Não é gratuito, portanto, que toda a primeira parte do livro seja dedicada às razões pelas quais as pessoas escrevem. Elencar a gênese do processo, a frustração das primeiras páginas preenchidas e a luta ingrata atrás de uma voz literária torna-se importante para deixar nítida que essa necessidade é puramente humana – Não há razão para os algoritmos criarem ficção. Tampouco, para consumi-la. 

“O que torna mais difícil o trabalho literário é o fato de que ele se funda antes de mais nada na própria linguagem. Isso consegue ser ao mesmo tempo uma obviedade e uma espécie de segredo de quem escreve”, define o autor. 

Foto: Roberto Moreyra
Foto: Roberto Moreyra

Sérgio Rodrigues já escreveu mais de 10 livros, venceu prêmios, é colunista da Folha de S.Paulo e redator do Conversa com Bial, na rede Globo. Tem bagagem para indicar onde estão os buracos da travessia e para adiantar quais são os próximos destinos que os escritores, redatores e demais apaixonados por escrever podem chegar. Os exemplos pessoais colaboram para o clima de bastidor que esses livros geralmente têm, mas, nesse atual momento, a ironia e visão crítica do escritor a respeito do processo criativo e da própria literatura tornam a leitura de Escrever é humano um tipo de estudo. 

Como redator publicitário, minha curiosidade sobre o livro se deve às respostas do escritor à inteligência artificial. Rodrigues reservou o Epílogo do livro para distender o tema. 

“Dito de outra forma, o grau de compromisso moral e emocional do robô com o texto é zero, apenas simulado; um reflexo, uma imitação. […] Não há pensamento ali, nem imaginação, fantasia ou humor. Não há hipóteses abrangentes, mesmo provisórias, que sirvam de moldura para o enquadramento do sentido”, defende o autor de “Escrever é humano”. 

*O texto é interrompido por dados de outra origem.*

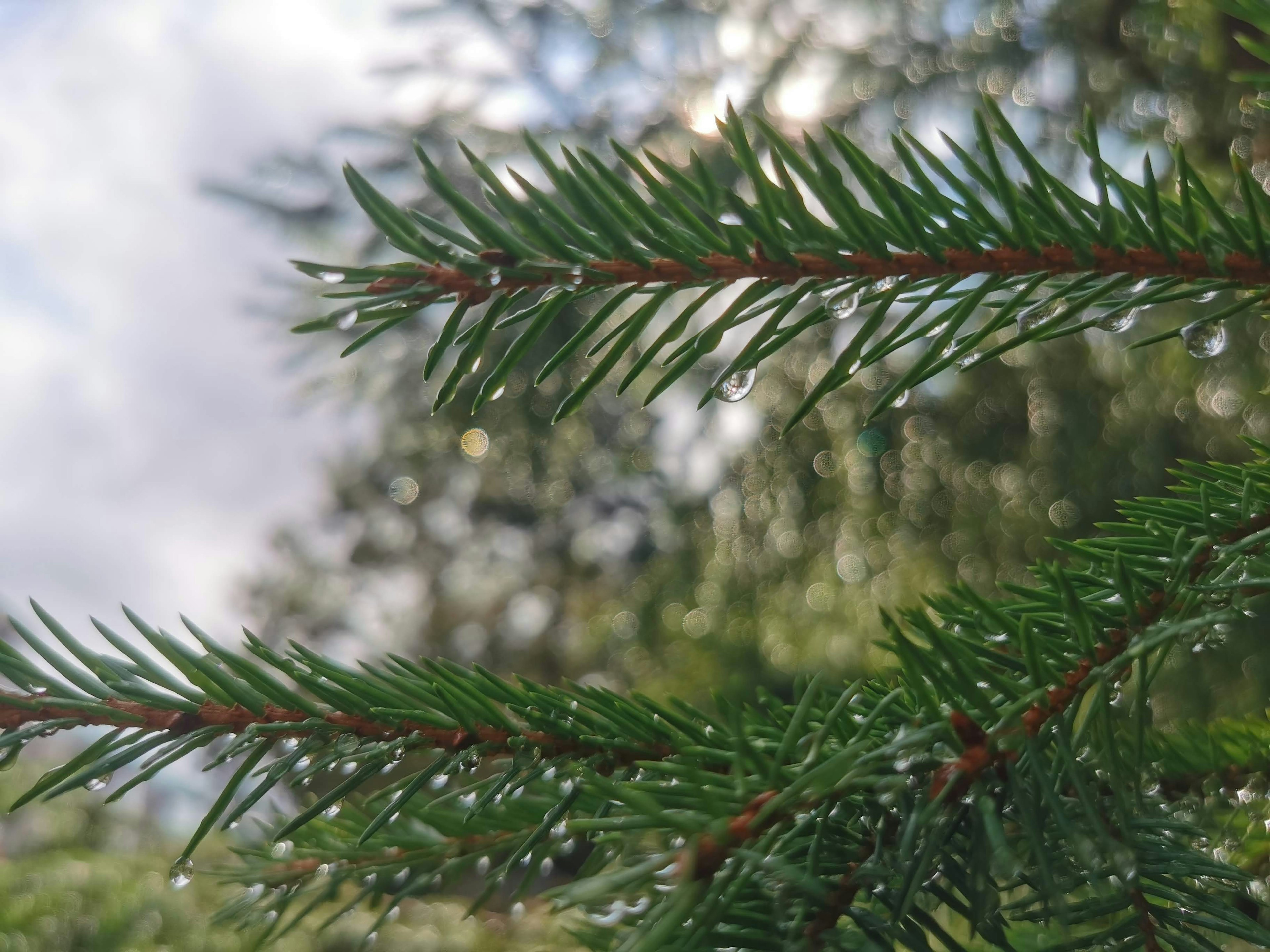 Primo piano di rami di alberi sempreverdi con gocce d'acqua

O livro, obviamente, foca na literatura, na arte. Mas tais palavras não se encaixam na publicidade? Para mim, sim. Propaganda não é arte, mas se abastece dela a cada novo briefing. Voltando especificamente para o texto, títulos inesquecíveis como “Se ninguém repara no seu pulso, tecnicamente você está morto”, feito para Rolex, e “Se a sua mãe estivesse com dor de cabeça naquele dia, você não existia”, escrito pelo papa Eugênio Mohallem para Aspirina, só para citar exemplos brasileiros, exemplificam o quanto o processo criativo não poderá ser substituído por uma IA. Não se chega nesse tipo de raciocínio de graça! 

A ironia e humor de Eugênio Mohallem.
A ironia e humor de Eugênio Mohallem.

O motivo? Justamente a parte humana, a paixão, a frustração e curiosidade, não na informação. Uma IA pode reunir tudo o que já foi dito sobre o tema; transformar essa massa em algo criativo requer outra habilidade. Sérgio escreve que “o problema é essencial, não superficial: a literatura não é informação, é o contrário”. E isso vale para a escrita publicitária também!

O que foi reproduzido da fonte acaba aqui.